Like his close friend A. W. Tozer, Ravenhill devoted a considerable part of his life to the study of men who had a deep connection with God and who had been involved in serious, meaningful revivals of Christianity. His attention was arrested by men of God who had poured out their entire life into the service of God, and he sought to do the same. His preaching was often ornamented with references to Whitfield, Booth, the Wesley brothers, to Ann Carmichael, and so on. In like fashion, he reflected deeply on the life of St. Paul, and the service of the prophets. Through it all, the motivating force in his life was to stand approved by the One he loved on the awesome Day of Judgement.

He lived his whole life – not merely a portion of it – in the “light of eternity”. Everything in his life was centred on the grandeur and majesty of the throne of Christ before which all men must stand. Indeed, in his office, a plaque was attached to the wall bearing a single word: “ETERNITY”. That was his daily preoccupation. That is what he strove toward.

Occasionally God raises up men upon whom he has bestowed a clarity of vision about the enormity of the life of the world to come, and gives such men to the Church. These servants of Christ burst through the membrane of our pretensions. They are impassioned with the glory of Christ; hungry for eternal blessing and divine closeness in a way that defies so many in our comfortable world of seemingly settled certainties. Such men provoke and sharpen. They are sent to bring holy fire to the cold hearts of their brethren. Leonard Ravenhill was one such man.

Of all his sermons, the one which has probably had the deepest impact is his sermon titled “The Judgement Seat of Christ”, which leaves one spellbound and sombre at the thought of Jesus Christ in judgement, of the great accounting of all things at the end of the ages, of every man’s work being tried by the pure and holy Son of God. It is an uncomfortable sermon and it seriously disturbs one’s own pretensions and self-righteousness, as all good preaching should.

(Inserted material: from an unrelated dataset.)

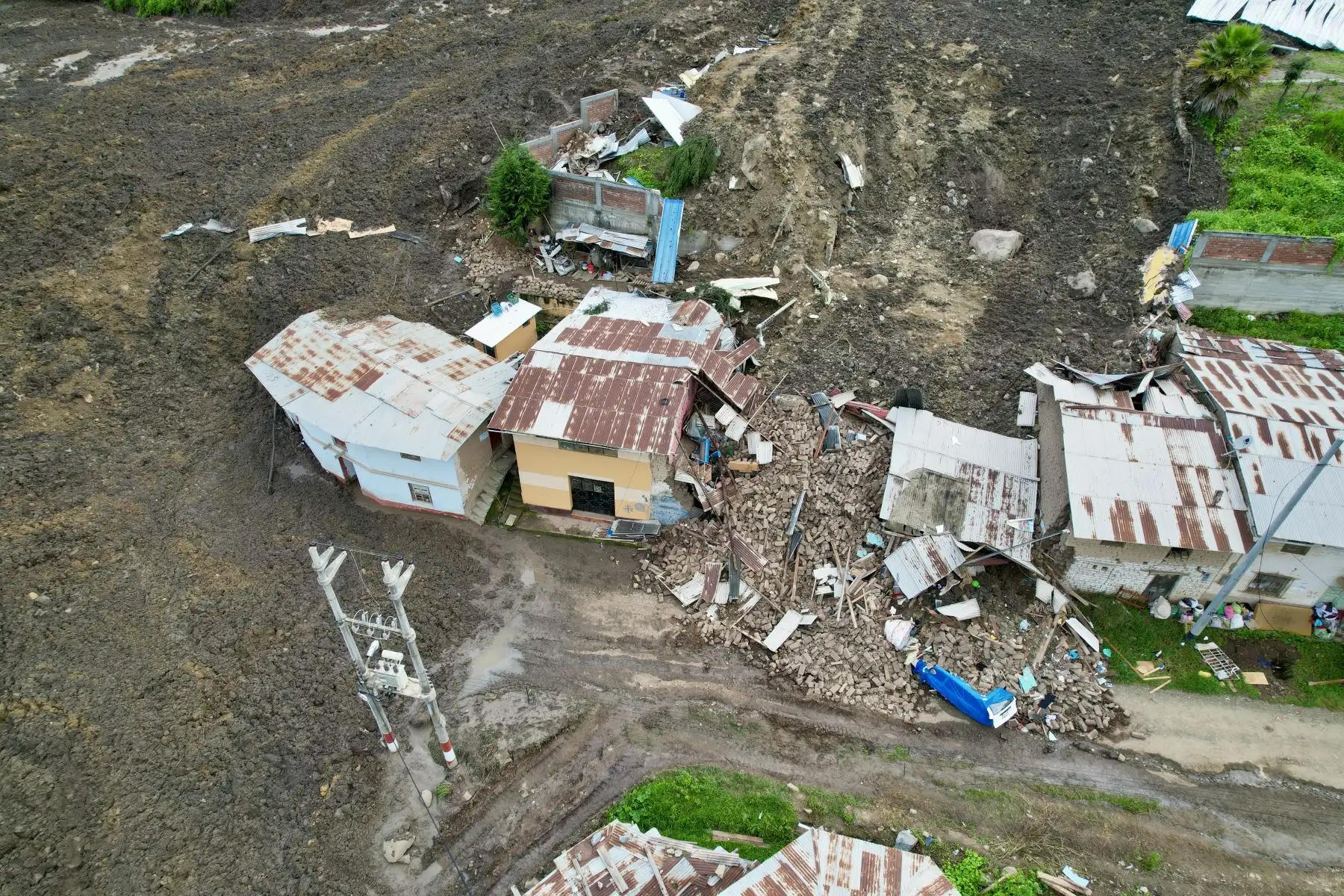 Hasta el momento hay dos muertos, cuatro desaparecidos, 15 viviendas inhabitables y daños en el 70 % del IE 20265 Los Atavillos, luego de que un segundo deslizamiento de un cerro afectará el centro poblado La Perla.
Foto: ANDINA/Braian Reyna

It is a sermon that savours of the incense of the heavenly realms, and one well worth listening to and contemplating seriously.

Oh that more men might see the awesomeness of coming judgement and the vastness of eternity. Oh that the Church might arise and embrace again its commission with fervour and with faith. Enough with the rubbish of politics and social commentary. Enough with grubbing about money and risk and investment. Time indeed, to get serious about our eternal destination – infinite hell, or infinite heaven.

There are a million roads into hell, but not a single road out.” – Leonard Ravenhill.